Già, perché il problema è proprio questo: dall’1 ottobre 2013 chi necessita di cure è obbligato a interminabili vie crucis per Vallo della Lucania, Eboli, Battipaglia, Roccadaspide o altre strutture del territorio, rese più lontane anche da una viabilità colabrodo. Da due anni ogni decesso è accompagnato dalla domanda: “Poteva salvarsi se l’ospedale fosse stato aperto?”. Accadde così nel febbraio 2014 quando in un incidente sulla Cilentana si registrarono quattro morti; quando un anno dopo un uomo di Perdifumo è morto a causa dei ritardi delle ambulanze; quando nel marzo scorso una donna di Sapri spirò a pochi passi da Agropoli mentre l’ambulanza tentava di raggiungere il nosocomio di Eboli e infine quando, appena una settimana fa, Annamaria Tassi, 39enne di Agropoli, ha perso la vita, colta da un infarto, mentre i sanitari cercavano di trasportarla all’ospedale di Battipaglia.

Dopo sette morti sospette, e probabilmente tante altre non passate agli onori della cronaca, il nuovo governatore della Regione, Vincenzo De Luca, ha annunciato di essere al lavoro per far rientrare l’ospedale di Agropoli nella rete dell’emergenza. Una nuova speranza per il territorio che da tempo ne chiedeva la riapertura. Eppure anche l’ultimo annuncio, peraltro avvenuto in un periodo ormai lontano dalla campagna elettorale, ha sollevato polemiche. Ci ha pensato la parlamentare grillina Giordano che ha parlato di “Scambio di piaceri” tra De Luca e Alfieri e ancora di “Un piacere che il neo governatore in bilico deve al sindaco di Agropoli per aver ritirato la sua candidatura a consigliere regionale”. “Basta speculare sulla salute dei cittadini”, dice la Giordano. Non ha tutti i torti: peccato che in passato, però, le levate di scudi sull’argomento non ci siano state.

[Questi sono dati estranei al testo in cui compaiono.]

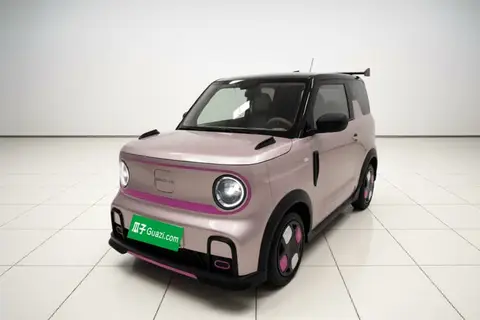 Geely Panda 2024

Eppure l’ospedale di Agropoli è stato sempre al centro degli spot elettorali, anzi è nato proprio come uno spot elettorale nel 2004: fu protagonista di tante promesse nel 2010, e la sua riapertura venne annunciata dagli stessi fautori della sua chiusura nel maggio 2015, ad una settimana dalle elezioni. Nessuna condanna arrivò per questi proclami, né dalla politica, né dai cittadini che, eccezion fatta per le ultime consultazioni, hanno anche premiato chi ha previsto la chiusura del nosocomio cittadino. Emblematico il caso di Angelo Montemarano, assessore regionale alla sanità della Giunta Bassolino, confermato a pieni voti dai cittadini agropolesi (su consiglio anche di politici locali) nonostante fosse tra i fautori dell’uscita del nosocomio dalla rete dell’emergenza.

Forse per la prima volta un proclama riguardante l’ospedale è arrivato lontano dalle elezioni. Ciò lascia ben sperare perché, critiche a parte, come ha sottolineato anche Giovanni Basile, a capo del comitato civico pro ospedale, non importa chi restituisca il diritto alla salute ai cittadini dell’Alto Cilento e per quale motivo, ciò che conta è che il territorio riabbia il suo presidio, quello con gli accessi più alti del territorio, quello che serve un’utenza di ottantamila persone, che quintuplicano nel corso dell’estate.